Consensus Fault Tolerance · FLP Impossibility

Key Question

What do “safety” and “liveness” mean, and how do they relate to consensus?

Deep Dive

Safety means “nothing bad happens.” In consensus, safety requires:

Agreement: No two correct nodes decide different values.
Validity: Any decided value was proposed by some node.

Safety is a reachability property — if violated, you can point to a specific moment where it broke. It’s like “don’t cross the double yellow line.” You can check if anyone ever crossed it.

Liveness means “something good eventually happens.” In consensus:

Termination: Every correct node eventually decides a value.

Liveness is a convergence property — you cannot point to a moment where it’s violated because it might still happen in the future. It’s like “you will eventually reach your destination.” At any point during the trip, it’s not yet violated — you might still arrive.

The tension between them is fundamental:

Safety (must be preserved at all costs):
  Node A: |--decide(1)--|          |--decide(1)--| ✓
  Node B: |----decide(1)----|      |--decide(1)--| ✓

  Node A: |--decide(1)--|          |--decide(0)--| ✗ SAFETY VIOLATED!
  Node B: |----decide(0)----|      |----decide(0)--|

FLP’s core finding: in an asynchronous system with even one possible crash, you cannot guarantee liveness while preserving safety. Any algorithm that always terminates (liveness) can be forced into a contradiction (safety violation) by scheduling delays.

A consensus algorithm can be:

Safe but not live: Nodes wait forever for a response that never comes. The system blocks. No decision is ever made. Agreement is preserved (no disagreement) but nothing ever happens.
Live but not safe: Nodes decide quickly, but due to incomplete information, different nodes decide different values. Progress happens, but the result is garbage.

Real systems choose safety over liveness — it’s better to stop making progress than to silently disagree.

Check Your Understanding

If a consensus algorithm blocks forever because a network partition never heals, is safety violated, liveness violated, or both?
Can you tell at any finite point in time whether a liveness property has been violated? Why or why not?
Why do production systems prefer violating liveness over violating safety?

The “So What?”

The FLP impossibility is specifically about liveness (guaranteed termination), not safety. We can always keep the system safe — just not guaranteed to always make progress. When your Raft cluster refuses to elect a leader during a network partition, that’s liveness being sacrificed to protect safety.

✏️ Exercises

FLP Impossibility: Exercises

Exercise 1: Synchrony and FLP

If a system can guarantee message delivery within 100ms, does FLP apply? Explain why or why not.

Exercise 2: Valency

What is the difference between a univalent configuration and a bivalent configuration? Give a concrete example of each in a 3-node system trying to agree on 0 or 1.

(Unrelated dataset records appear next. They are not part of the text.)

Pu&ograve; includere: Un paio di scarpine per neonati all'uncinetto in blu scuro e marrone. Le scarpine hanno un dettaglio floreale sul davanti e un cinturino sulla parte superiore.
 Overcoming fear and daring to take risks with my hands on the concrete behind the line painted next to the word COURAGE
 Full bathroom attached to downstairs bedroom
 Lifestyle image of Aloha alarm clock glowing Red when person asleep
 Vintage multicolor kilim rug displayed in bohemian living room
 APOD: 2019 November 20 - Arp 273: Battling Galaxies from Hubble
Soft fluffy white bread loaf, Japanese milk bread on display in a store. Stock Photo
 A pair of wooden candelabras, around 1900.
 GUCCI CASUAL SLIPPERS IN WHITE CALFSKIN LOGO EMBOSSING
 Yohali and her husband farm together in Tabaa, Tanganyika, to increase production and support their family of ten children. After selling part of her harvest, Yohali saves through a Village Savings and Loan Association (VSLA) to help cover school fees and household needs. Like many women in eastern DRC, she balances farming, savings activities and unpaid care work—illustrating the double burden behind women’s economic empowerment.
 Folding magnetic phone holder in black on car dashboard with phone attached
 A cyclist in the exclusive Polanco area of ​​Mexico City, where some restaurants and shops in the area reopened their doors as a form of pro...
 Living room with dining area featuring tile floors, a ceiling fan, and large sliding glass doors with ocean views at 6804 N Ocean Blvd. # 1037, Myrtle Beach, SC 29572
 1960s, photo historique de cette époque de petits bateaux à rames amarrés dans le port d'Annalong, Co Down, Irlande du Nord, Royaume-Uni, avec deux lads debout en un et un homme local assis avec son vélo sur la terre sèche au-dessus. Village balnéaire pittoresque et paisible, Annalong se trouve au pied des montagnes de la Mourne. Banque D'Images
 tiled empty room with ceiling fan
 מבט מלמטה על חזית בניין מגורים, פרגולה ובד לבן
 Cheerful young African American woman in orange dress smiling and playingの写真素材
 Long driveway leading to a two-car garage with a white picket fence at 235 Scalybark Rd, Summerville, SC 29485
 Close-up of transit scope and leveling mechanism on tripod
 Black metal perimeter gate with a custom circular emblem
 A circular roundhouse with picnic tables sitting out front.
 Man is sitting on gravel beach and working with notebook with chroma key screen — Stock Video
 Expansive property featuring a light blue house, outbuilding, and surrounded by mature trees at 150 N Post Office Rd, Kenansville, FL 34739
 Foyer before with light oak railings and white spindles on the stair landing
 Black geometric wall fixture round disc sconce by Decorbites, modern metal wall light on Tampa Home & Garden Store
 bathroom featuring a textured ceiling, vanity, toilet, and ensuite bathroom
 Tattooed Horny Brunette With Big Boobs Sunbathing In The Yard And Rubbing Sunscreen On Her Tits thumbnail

Exercise 3: Timeouts and the Async Model

How does using a timeout violate the pure asynchronous model? If a timeout fires, what can you conclude — and what can’t you conclude?

👁️ View Solutions

FLP Impossibility: Solutions

Exercise 1

If a system guarantees message delivery within 100ms, FLP does not apply as originally stated because the system is synchronous (bounded message delay), not asynchronous. FLP assumes no upper bound on message delay. With a 100ms bound, you can use timeouts safely — if you don’t hear back in 100ms, the node must be crashed.

However, in practice, the 100ms bound might not hold during garbage collection pauses, network congestion, or overload. So while the theoretical FLP doesn’t apply to this system, the practical concern remains — you must be certain the bound always holds.

Exercise 2

Univalent: A configuration where all possible executions lead to the same decision value.

Example of 1-valent: All three nodes have exchanged messages indicating they’ve accepted proposal value 1. No matter what messages are delivered next, the system will decide 1.

Bivalent: A configuration where both 0 and 1 are still possible outcomes depending on future message deliveries.

Example of bivalent: Two nodes proposed 0, one node proposed 1, and no majority has formed. If the first two nodes communicate first, they’ll decide 0. If the third node makes a counter-proposal to one of the 0-proposers before that node hears from the other 0-proposer, the system might shift toward 1. Both outcomes are still possible.

Exercise 3

A timeout assumes an upper bound on message delivery time. If a message hasn’t arrived within the timeout period, you conclude the recipient is faulty. But in the pure asynchronous model, the message might arrive in the next microsecond — there’s no way to distinguish “slow” from “crashed.”

When a timeout fires, you can conclude: “I haven’t received a response yet.” You cannot conclude: “The node has crashed.” This is why timeouts are called “unreliable failure detectors” — they can suspect correct processes and fail to suspect crashed ones. The pure async model forbids even unreliable failure detection because it assumes no timing information is available at all.